CBRE: Five forces will shape the future of retail
- “Vibrant” mixed-use districts thrive. Space is getting snapped up in these developments (which blend office, residential, retail, dining, and entertainment) despite the fact that their rents are 74% higher than the ones in prime business districts and 110% higher than ones in non-premium districts. The availability rate in vibrant mixed-use projects has compressed over the past 10 years despite having the highest share of new supply as a percentage of existing inventory (17%) among the district types.
Consumers are gravitating to dense retail clusters. A change in living and working patterns since 2020 has activated new shopping areas, especially dense suburban retail clusters. Rent’s compound annual growth rate of 2.6% since the second quarter of 2022 outperformed the broader market, sending rents 28% higher than for all other retail (excluding high streets).
Since 2009, the average availability rate (5%) is lower in these clusters compared with the overall market (7% for retail excluding these clusters), with little variation over that period. Although the availability rate outside of these dense clusters has fallen faster, it is primarily due to virtually no availability within them, requiring retailers to find space in other, less dense locations.

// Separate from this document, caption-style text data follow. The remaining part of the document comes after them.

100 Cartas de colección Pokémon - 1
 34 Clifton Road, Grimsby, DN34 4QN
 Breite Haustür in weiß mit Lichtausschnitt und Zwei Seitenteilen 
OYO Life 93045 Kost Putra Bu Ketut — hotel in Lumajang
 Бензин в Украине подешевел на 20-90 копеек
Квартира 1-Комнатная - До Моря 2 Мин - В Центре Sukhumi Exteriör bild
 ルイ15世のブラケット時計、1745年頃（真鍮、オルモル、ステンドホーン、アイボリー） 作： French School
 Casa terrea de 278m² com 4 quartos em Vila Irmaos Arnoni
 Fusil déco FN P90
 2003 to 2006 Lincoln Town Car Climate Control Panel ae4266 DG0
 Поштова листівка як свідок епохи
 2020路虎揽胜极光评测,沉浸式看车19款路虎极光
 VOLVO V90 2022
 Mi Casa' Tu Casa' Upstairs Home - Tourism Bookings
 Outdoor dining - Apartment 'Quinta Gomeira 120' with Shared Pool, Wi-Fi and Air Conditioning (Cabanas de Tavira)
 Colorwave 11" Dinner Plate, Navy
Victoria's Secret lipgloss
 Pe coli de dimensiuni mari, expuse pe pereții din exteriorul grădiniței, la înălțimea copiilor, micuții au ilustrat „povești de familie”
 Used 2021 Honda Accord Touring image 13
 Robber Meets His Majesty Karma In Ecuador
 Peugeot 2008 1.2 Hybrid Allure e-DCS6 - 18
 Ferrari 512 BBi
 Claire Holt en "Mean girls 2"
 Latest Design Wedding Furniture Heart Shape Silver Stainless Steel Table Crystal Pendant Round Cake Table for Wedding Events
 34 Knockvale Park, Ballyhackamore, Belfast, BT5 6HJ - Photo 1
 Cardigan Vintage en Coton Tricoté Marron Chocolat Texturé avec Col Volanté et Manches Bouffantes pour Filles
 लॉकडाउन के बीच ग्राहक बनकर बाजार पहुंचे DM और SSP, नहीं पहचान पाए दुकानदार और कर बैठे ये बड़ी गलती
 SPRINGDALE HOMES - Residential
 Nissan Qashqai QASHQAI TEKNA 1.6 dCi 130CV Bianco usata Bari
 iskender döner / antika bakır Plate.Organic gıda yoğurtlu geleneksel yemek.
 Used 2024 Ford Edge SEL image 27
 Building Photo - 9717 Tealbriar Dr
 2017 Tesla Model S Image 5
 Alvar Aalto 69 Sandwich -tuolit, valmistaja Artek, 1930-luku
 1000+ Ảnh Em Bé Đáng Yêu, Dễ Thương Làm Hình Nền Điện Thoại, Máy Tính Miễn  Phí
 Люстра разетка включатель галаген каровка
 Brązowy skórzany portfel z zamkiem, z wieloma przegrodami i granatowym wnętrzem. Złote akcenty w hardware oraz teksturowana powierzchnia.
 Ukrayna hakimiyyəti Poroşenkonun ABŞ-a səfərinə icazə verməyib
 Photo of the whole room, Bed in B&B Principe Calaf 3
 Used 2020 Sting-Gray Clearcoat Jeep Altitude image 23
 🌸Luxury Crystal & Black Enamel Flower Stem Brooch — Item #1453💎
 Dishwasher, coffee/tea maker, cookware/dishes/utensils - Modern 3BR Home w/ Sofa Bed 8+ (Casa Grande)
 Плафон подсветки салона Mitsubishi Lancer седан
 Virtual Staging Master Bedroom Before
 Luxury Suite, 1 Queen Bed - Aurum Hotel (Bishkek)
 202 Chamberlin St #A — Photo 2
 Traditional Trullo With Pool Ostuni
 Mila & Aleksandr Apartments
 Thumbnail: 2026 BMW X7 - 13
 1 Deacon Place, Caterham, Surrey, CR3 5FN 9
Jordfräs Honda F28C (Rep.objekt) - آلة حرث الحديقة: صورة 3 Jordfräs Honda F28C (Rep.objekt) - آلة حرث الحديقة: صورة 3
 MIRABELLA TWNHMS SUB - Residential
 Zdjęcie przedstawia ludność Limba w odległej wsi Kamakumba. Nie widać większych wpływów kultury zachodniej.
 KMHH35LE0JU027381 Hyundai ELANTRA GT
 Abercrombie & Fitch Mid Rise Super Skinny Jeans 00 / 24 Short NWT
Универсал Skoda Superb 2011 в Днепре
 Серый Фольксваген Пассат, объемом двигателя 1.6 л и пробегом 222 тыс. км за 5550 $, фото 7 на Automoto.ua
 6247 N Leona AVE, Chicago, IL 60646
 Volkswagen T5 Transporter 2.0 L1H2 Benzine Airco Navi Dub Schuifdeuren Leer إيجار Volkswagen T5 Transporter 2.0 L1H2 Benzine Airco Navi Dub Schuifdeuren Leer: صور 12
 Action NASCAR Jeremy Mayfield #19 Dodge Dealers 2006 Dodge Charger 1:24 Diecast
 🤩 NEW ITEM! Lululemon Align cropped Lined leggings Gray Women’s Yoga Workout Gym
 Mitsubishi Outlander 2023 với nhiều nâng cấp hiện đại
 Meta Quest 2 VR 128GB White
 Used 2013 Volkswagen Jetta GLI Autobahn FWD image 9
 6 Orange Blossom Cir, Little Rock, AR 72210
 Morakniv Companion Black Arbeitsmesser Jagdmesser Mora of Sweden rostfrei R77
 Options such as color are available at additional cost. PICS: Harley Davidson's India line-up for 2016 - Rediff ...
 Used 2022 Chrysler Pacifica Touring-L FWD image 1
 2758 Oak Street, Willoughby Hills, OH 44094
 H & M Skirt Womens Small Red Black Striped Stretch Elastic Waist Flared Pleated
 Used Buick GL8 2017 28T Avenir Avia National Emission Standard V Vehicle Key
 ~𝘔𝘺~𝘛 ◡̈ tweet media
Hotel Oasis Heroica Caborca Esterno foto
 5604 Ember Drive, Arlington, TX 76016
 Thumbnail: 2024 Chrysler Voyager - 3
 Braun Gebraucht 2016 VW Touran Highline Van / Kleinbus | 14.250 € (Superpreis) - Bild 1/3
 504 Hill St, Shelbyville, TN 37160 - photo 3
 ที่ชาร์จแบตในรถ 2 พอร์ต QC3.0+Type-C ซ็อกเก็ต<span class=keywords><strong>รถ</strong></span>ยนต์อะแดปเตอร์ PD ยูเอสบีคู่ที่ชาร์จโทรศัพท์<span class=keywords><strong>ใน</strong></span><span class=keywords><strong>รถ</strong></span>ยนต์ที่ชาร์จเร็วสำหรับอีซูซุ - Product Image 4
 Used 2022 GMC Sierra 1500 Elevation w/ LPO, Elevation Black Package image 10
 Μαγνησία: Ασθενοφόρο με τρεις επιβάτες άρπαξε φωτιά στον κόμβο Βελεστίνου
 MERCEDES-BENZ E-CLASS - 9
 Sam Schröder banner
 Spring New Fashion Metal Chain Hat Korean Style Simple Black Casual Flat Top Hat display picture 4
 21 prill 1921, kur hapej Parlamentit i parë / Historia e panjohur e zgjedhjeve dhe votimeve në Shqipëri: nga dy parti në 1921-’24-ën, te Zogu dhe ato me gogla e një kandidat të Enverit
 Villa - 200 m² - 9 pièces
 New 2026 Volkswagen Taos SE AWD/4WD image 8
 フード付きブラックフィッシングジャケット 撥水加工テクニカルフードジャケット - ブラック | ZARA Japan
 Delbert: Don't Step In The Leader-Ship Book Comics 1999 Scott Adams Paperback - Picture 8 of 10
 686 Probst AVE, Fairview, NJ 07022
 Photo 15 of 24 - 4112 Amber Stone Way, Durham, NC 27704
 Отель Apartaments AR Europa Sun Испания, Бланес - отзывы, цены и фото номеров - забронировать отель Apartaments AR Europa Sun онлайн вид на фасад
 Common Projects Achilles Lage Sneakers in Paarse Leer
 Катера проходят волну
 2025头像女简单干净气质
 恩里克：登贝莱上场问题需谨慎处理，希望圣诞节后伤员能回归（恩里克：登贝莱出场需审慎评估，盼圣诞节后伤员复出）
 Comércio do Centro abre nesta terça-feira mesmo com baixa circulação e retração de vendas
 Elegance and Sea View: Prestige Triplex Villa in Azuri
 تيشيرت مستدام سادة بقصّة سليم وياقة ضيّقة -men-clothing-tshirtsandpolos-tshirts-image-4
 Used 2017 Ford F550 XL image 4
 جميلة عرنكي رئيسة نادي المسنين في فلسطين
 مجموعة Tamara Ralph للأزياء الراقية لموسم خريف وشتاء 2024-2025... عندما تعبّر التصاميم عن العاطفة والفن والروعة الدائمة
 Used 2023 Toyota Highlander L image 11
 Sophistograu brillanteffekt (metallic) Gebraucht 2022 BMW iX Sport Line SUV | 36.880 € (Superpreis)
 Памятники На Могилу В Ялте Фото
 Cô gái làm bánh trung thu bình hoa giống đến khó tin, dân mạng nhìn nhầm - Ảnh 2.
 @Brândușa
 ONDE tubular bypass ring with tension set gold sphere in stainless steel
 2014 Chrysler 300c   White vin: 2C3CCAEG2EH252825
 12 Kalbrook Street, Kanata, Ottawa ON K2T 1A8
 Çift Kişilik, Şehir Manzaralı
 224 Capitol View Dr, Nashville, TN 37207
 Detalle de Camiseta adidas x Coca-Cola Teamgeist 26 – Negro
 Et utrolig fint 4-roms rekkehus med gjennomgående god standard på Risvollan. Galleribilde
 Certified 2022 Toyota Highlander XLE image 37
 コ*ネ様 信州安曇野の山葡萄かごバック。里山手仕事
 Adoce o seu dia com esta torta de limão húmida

New construction’s 15-year falloff. Retail development slowed precipitously over the past 15 years, with annual completions in 2021-2023 down by more than 80% from the mid-2000s. Combined with steady consumer and retailer demand, the national availability rate fell to 4.7% in the second quarter of 2024, equaling the lowest rate since at least 2005. As a result of these trends, the U.S. is now under-retailed by 200 million sq. ft., or approximately 5% of total stock.
Two-thirds of retail subsectors are vulnerable to e-commerce. Having measured the number of retail jobs lost to e-commerce since its inception at the turn of the century, CBRE found that 19 of the retail industry’s 28 subsectors have been highly susceptible to online shopping.
The subsector plainly taking the worst of it is bookstores, whose sales fall off by 17.8% on a 1% national increase in e-commerce adoption. Next came office supplies (-10.4%), department stores (-8%), electronics (-7.2%), home furnishings (-6.1%), and clothing stores (-6%). Subsectors that have proven wholly resistant to e-commerce included warehouse clubs, grocery stores, lawn and garden, and beer and wine stores.